• _Your assignment_: Write out exactly the lines below starting at the one containing "YSL 5838 תמונה 12" and ending at the one containing "Purchase Top-Quality Wiper". Omit every picture.

• _Dataset content_:
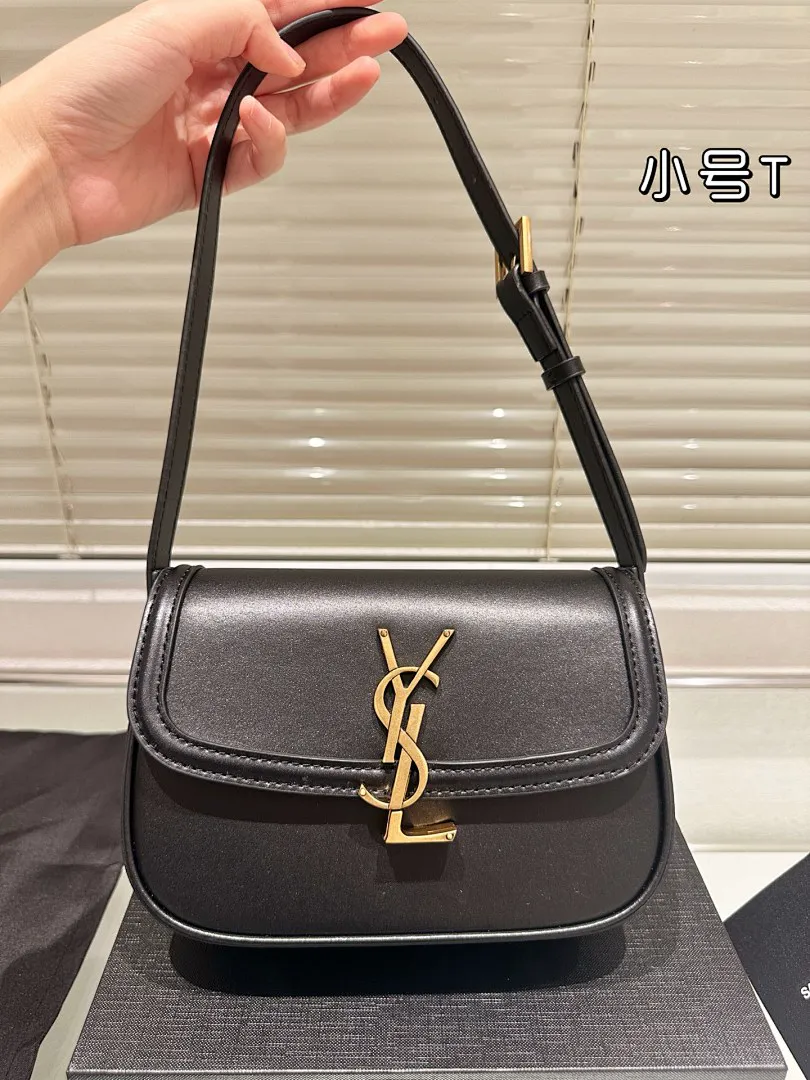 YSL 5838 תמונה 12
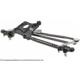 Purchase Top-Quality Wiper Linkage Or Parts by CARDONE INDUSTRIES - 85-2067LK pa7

==

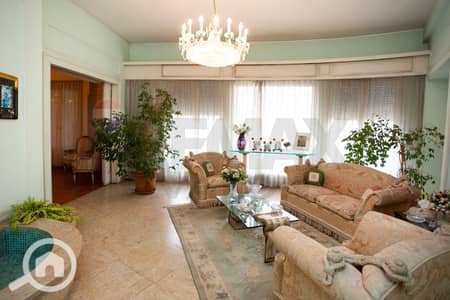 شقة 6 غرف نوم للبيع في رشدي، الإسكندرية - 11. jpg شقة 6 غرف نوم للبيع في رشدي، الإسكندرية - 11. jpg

--

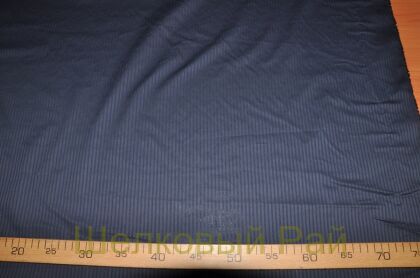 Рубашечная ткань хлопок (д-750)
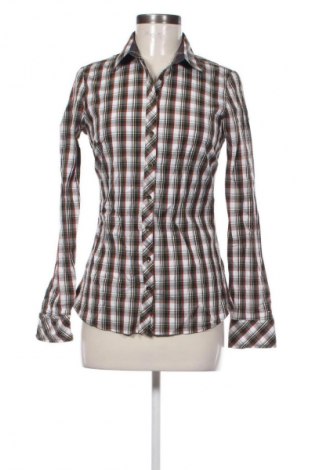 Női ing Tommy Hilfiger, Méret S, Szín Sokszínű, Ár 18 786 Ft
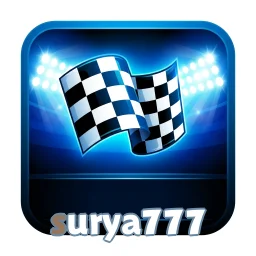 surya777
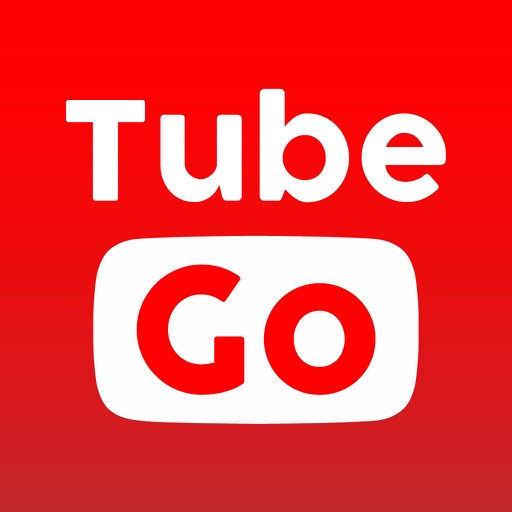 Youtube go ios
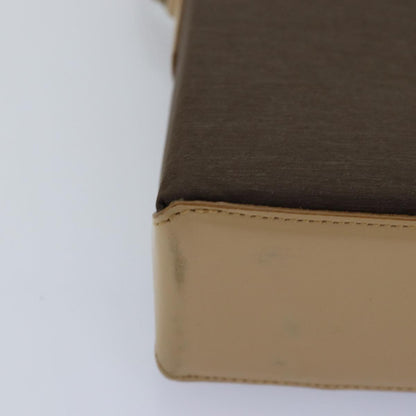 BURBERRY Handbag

• _Answer section_:
 YSL 5838 תמונה 12
 Purchase Top-Quality Wiper Linkage Or Parts by CARDONE INDUSTRIES - 85-2067LK pa7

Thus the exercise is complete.